1142 posts in 1142 days


#5 posted 04-25-2014 02:19 AM

Ash is ring porous.

Birch and maple are diffuse porous and very different from ash. Night and day different.

-- Danny Located in Perry, GA. Forester. Wood-Mizer LT15 Sawmill. Nyle L53 Dehumidification Kiln

View drpdrp's profile

drpdrp

150 posts in 712 days


#6 posted 04-27-2014 09:47 AM

You guys gotta remember I am just a sapling and half of that made no sense to me! (woodworking joke!)

So… I thought I had used ash for this sword- you guys have me wondering:

https://dickle.shutterfly.com/pictures/1852

View Mark Kornell's profile

Mark Kornell

495 posts in 1197 days


#7 posted 04-27-2014 06:57 PM

Hard to tell from that pic, but the block the hilt of the sword is resting on looks like ash.

-- Mark Kornell, Kornell Wood Design

View shampeon's profile

shampeon

1377 posts in 849 days


#8 posted 04-27-2014 08:03 PM

Birch has longer grain that’s more splintery when working it, compared to maple.

-- ian | "You can't stop what's coming. It ain't all waiting on you. That's vanity."

View EPJartisan's profile

EPJartisan

1060 posts in 1791 days


#9 posted 04-29-2014 04:11 AM

looks like Maple to me…. the handle of your sword shows some exposed Parychema cells and the grain is rather tight. Parychema cells are like tubes that allow fluid and nutrients to flow between other cells (rays in quarter sawn white oak), i believe almost all angiosperms have them, but not visible in all species… i think they are too small in birch and i find birch to have less distinct grain. i think ash has them, but ash has distinct open cell in the early wood and dense hard layers in the late wood… this is why ash is great for baseball bats.. the combo allows the wood to “spring”... so over all i’d say you have a maple sword. :)
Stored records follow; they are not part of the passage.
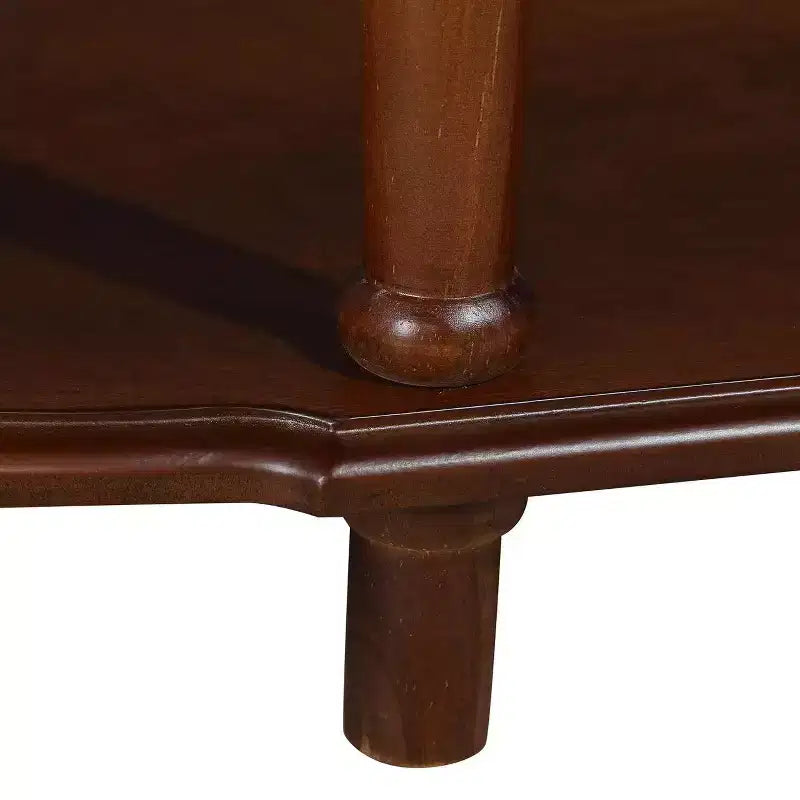 Table console incurvée rétro en bois de 52 po avec étagère ouverte et 2 tiroirs pour le salon et le couloir, cerisier
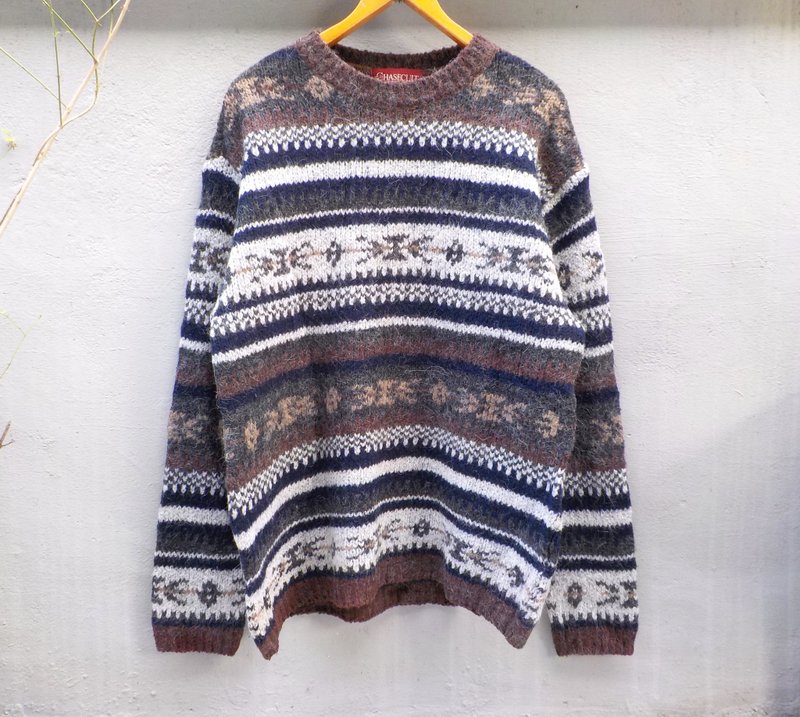 FOAK end Hippies national totem vintage sweater - สเวตเตอร์ผู้ชาย - วัสดุอื่นๆ สีนำ้ตาล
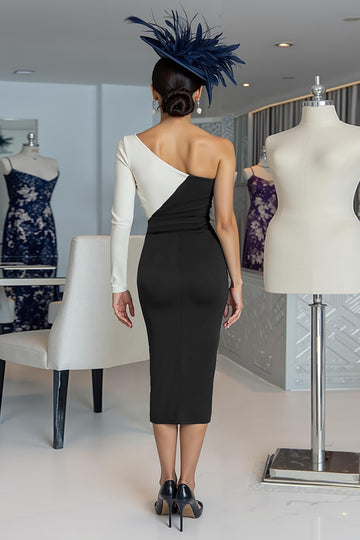 One Shoulder Ruched Black and White Mother of Bride Dress with Sash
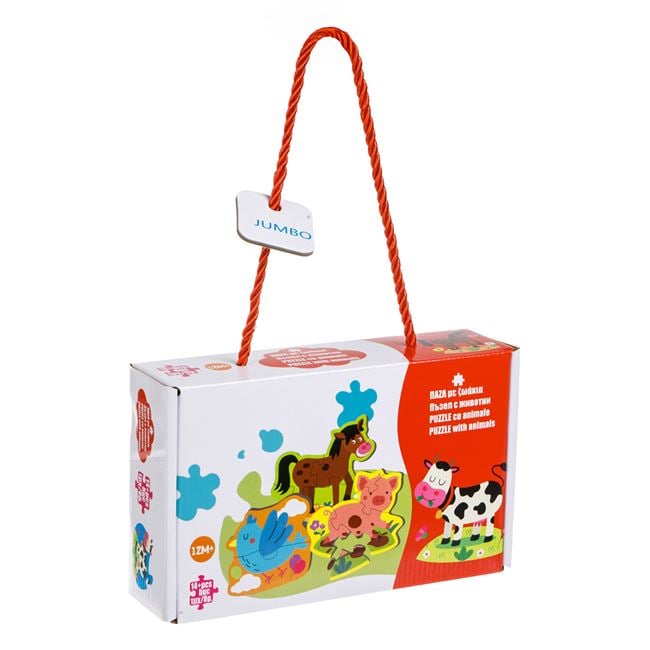 Puzzle Bebe cu 4 Animale de la Ferma (16 piese) 3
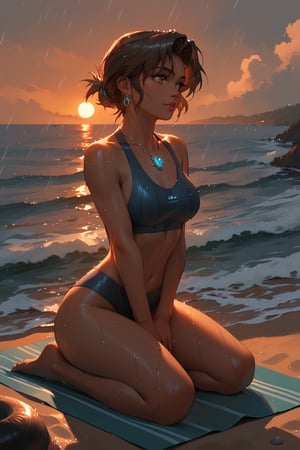 (score_9,score_8_up,score_7_up),1girl, solo, small_sized_chest, 80s_short_dark_brown_hair, dark_brown_eyes, half Irish half English ethnicity, light skin complexion, 21 years old, 80s yoga  clothing style , silhouette, sunset, beach, rainy, picturesque, covering thighs, glowing seashells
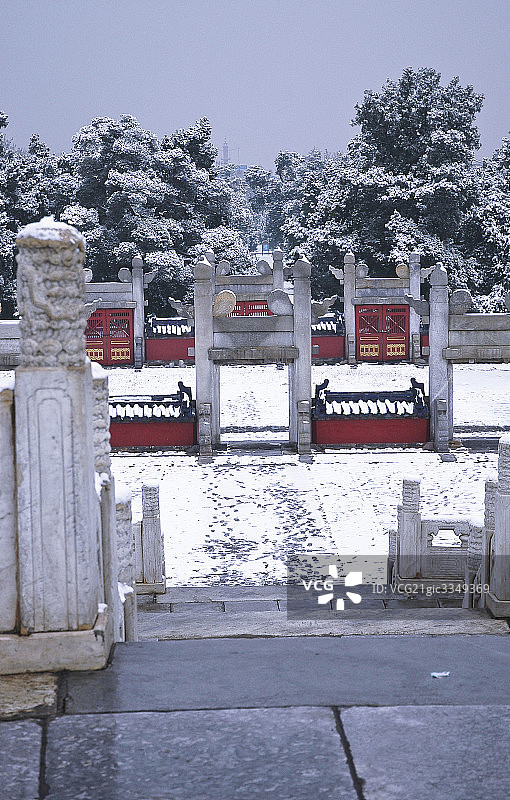 雪后天坛公园一隅图片素材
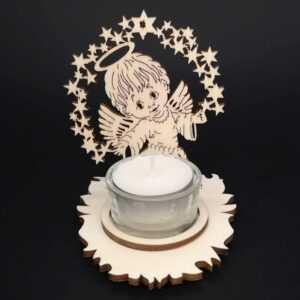 AMADEA Dřevěný svícen anděl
-- " 'Truth' is like a beautiful flower, unique to each plant and to the season it blossoms ... 'Fact' is the root and leaf, allowing the plant grow and bloom again."

View drpdrp's profile

drpdrp

150 posts in 712 days


#10 posted 04-29-2014 08:11 AM

Thanks EP. I need to get out there and take a picture of the stock I cut the blade out of and post a better pic for you guys…

View jdh122's profile

jdh122

363 posts in 1483 days


#11 posted 04-29-2014 07:47 PM

Looks like maple or birch to me, rather than ash. But a close picture of the end grain will settle it.